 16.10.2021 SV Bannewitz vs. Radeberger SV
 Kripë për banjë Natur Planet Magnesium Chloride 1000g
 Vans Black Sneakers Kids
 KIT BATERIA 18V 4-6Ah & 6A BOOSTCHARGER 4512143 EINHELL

---

Brief |
Transcribe the data exactly.

Solution to this problem |
 16.10.2021 SV Bannewitz vs. Radeberger SV
 Kripë për banjë Natur Planet Magnesium Chloride 1000g
 Vans Black Sneakers Kids
 KIT BATERIA 18V 4-6Ah & 6A BOOSTCHARGER 4512143 EINHELL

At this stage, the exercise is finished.